Today, just about every theater in America decided against screening the upcoming Comedy “The Interview”. A violation of free speech? Perhaps. A grim look at the future? Maybe. Completely and totally a dick move on the part of North Korea. WITHOUT A DOUBT.

I’m not here to argue or nitpick about the first amendment and whose right it is to do what. No, instead, I am here to mourn the end of a terrific streak. Far mightier than Cal Ripken’s consecutive start record. Way cooler than the Undertaker. I’m talking about the streak of movies I’ve had my butt in the seat for which starred Seth Rogen.

Not a single one has let me down!

And yet, now it is broken.
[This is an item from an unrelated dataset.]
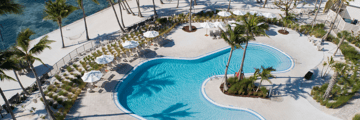 Amara Cay pool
It will lay in the annals of time as one of the most historic days of our lives: the day the beautiful, wonderful, Semitic Superhero known as Seth Rogen was stripped of his title as “Comedy King”.

I even loved “The Green Hornet”. Can you believe it? “The Green Hornet”. Saw it twice.

Now one may argue that this is a bad look for America, and to that I say “nevermind!” There is a bigger issue at hand here. These Freaks and Geeks over at North Korea have taken this thing too far. Blow up a school, nuke a nursing home for Christ’s sake. But why attack Seth? For what? For trying to make us laugh?

It’s wrong, North Korea. It’s wrong. However, I will thank you for this. You have now given us a valid reason for pirating. We’re still going to see this movie, North Korea. We stand, hands across America, our fingers to our mouses ready to eat up those GBs, son. We will not go quietly into the night. Instead, we will march valiantly to our rooms, dens, and man-caves.

We will download. We will see a depiction of your leader fall on 13″-17″ monitors everywhere. Some people will even have two screens. You can take our popcorn, but you can never have.. OUR BANDWIDTH!